With this challenge flushing out the weaker players, including those carrying too much debt or with lower quality tenants, the sector was then faced with a savage interest rate barrage.

  • In just a few short years, investors saw cash rates increase from 0.10 per cent to 4.35 per cent today. The inevitable result was that property once selling on an income return of three per cent quickly became unattractive to buyers, pushing prices down for those having to sell. The sector’s returns in the past four years reflect this: minus 21.3 per cent in 2020, rebounding to 33.2 per cent in 2021, falling to minus 12.3 per cent in 2022 before returning to black ink in 2023 at 8.1 per cent.

    Given the relative attractiveness, particularly against share markets trading near all-time highs, there are five key factors that should be top of mind when assessing a potential investment in this market sector. Chief among them is that A-REITs, as the name suggests, are trusts, not companies. That means they do not pay fully franked dividends like the banks but make distributions. Like any other family or unit trust, they are required to distribute most of their profit each year.

    Funds from operations (FFO), and sometimes adjusted FFO, is an A-REIT’s version of a trading profit. That is, FFO represents the cash flow that the A-REIT produces from its main operating activities – rent and management of the underlying properties. FFO excludes the impact of gains or losses on sales of assets owned by the A-REIT and any depreciation in their value.

    For example, the popular shopping centre A-REIT, Vicinity Centres (ASX: VCX), which owns Melbourne’s fashion capital Chadstone (pictured), saw FFO fall from $684 million to $664 million, but profit increase from $271 million to $547 million in the same period as previous year asset sales were removed.

    After FFO comes net tangible asset value (NTA). The NTA represents the current value of the properties owned by the REIT, net of any borrowings. In the case of Dexus Group (ASX: DXS), the NTA is $8.97 against a current share price of $7.29, meaning it is trading at an 18 per cent discount to the most recent valuation of the underlying office buildings it owns.

    Gearing levels or borrowing is up next, with the figure naturally reflecting the level of debt that is secured against the underlying properties. Debt has come into focus in recent years as increasing interest rates have increased the cost of carrying debt and reduced the amount of cash left over for distributions.
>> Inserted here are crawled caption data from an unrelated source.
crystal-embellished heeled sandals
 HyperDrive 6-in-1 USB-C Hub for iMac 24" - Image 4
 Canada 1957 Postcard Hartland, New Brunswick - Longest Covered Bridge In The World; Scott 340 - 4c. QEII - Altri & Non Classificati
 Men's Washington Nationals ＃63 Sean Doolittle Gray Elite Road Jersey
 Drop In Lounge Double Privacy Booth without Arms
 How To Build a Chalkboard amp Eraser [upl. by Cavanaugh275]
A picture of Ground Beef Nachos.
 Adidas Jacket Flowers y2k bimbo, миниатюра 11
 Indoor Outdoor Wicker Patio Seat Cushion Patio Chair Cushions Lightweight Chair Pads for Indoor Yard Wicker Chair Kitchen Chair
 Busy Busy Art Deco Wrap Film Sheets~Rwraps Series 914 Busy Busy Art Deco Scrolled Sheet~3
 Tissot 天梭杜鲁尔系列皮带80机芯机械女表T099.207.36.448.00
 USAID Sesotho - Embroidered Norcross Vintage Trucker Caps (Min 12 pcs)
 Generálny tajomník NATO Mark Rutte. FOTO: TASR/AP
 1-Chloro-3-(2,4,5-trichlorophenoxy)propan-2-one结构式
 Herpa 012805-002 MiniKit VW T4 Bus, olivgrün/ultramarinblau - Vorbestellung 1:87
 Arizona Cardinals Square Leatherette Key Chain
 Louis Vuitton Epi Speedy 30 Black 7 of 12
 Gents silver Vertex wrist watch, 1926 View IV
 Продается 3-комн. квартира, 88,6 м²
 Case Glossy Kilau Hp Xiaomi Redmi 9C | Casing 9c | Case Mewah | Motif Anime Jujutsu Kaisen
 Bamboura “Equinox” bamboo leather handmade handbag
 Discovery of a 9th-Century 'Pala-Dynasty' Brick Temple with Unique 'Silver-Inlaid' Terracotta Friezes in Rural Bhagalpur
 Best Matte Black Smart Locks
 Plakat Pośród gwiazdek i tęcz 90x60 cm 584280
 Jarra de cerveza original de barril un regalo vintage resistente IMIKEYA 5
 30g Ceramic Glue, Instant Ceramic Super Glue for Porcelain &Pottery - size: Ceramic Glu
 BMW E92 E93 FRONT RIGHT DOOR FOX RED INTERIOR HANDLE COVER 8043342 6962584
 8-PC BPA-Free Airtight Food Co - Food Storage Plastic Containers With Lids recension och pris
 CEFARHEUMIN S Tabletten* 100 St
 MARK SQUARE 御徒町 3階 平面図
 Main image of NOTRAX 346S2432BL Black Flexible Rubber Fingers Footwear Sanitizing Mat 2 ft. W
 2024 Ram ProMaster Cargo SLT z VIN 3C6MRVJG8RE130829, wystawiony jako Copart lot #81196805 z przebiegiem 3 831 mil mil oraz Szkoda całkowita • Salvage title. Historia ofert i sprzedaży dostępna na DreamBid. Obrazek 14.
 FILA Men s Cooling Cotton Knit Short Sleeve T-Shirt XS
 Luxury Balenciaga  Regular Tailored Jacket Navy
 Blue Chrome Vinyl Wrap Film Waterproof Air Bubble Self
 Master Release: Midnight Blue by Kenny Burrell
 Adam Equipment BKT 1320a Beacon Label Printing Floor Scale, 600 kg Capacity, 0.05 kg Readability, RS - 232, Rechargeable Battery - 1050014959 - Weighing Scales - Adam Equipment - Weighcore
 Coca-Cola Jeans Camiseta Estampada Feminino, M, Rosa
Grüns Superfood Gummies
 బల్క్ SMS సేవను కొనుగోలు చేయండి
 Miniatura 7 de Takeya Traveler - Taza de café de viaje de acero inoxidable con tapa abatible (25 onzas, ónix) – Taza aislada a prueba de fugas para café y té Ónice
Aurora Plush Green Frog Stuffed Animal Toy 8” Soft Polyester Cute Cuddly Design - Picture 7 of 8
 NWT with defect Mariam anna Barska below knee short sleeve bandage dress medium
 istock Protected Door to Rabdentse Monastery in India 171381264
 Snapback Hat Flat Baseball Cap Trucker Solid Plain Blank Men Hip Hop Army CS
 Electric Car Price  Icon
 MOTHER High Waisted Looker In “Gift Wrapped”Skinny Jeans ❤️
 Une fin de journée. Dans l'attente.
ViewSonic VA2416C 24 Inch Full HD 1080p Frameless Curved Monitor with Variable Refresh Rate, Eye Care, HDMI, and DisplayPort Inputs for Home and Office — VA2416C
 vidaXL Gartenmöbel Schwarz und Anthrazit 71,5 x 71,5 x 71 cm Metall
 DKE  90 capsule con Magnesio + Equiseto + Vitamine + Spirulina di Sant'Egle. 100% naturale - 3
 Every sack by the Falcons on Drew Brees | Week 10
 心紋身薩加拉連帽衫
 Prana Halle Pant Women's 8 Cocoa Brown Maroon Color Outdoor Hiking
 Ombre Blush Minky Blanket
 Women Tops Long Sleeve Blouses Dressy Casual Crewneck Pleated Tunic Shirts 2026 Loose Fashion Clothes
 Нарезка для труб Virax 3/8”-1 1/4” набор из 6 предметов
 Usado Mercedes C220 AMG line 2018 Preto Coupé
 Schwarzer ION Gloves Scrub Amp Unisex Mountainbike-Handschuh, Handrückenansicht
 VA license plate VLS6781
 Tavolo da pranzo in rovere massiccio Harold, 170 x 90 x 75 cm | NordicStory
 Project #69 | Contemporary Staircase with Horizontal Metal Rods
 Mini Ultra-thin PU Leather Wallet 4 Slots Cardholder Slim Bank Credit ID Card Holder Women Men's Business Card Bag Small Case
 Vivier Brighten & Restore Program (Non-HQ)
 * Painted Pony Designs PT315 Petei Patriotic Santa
In the case of DXS, gearing is now set at 32 per cent, at the bottom end of the group’s 30-40 per cent target range.

    The WALE, as distinct from the whale, is the weighted average lease expiry that counts the rent received from every property, along with the average term until each tenant’s lease will expire. Commercial property typically has longer leases than residential, which are usually one year, with the Charter Hall Long WALE REIT (ASX: CLW) a prime example of this. The owner of bottle shops, service stations and other similar assets has a WALE of 10.5 years.

    Last, and probably the most important, is the cap rate, or capitalisation rate, as quoted by most commentators on the sector. Simply put, the cap rate is the rate of return expected from an investment in real estate. If you buy an office block for $1 million that is paying $50,000 in rent, you are buying this on a cap rate of five per cent. If you then sell this property for $800,000, you have sold on a cap rate of 6.25 per cent.

    This is called the cap rate expansion and has been a key driver behind the difficult performance of A-REITS in recent years. Increasing interest rates on term deposits and bank accounts have forced investors to require higher rates of return from more risky assets like property, reducing the amount they are willing to pay.

    How do you invest in the sector?

    The S&P/ASX300 A-REIT sector is the main benchmark, but interestingly contains only 37 individual investments, with Goodman Group (ASX: GMG) representing 37 per cent of the benchmark. In fact, more than 65 per cent is held in just five A-REITS that include Scentre, Stockland, GPT and Mirvac.

    Listed property is clearly one where both passive and active options should be considered, while investors should focus and understand which sectors they wish to carry the largest exposure to amid growing divergence in property valuations and performance.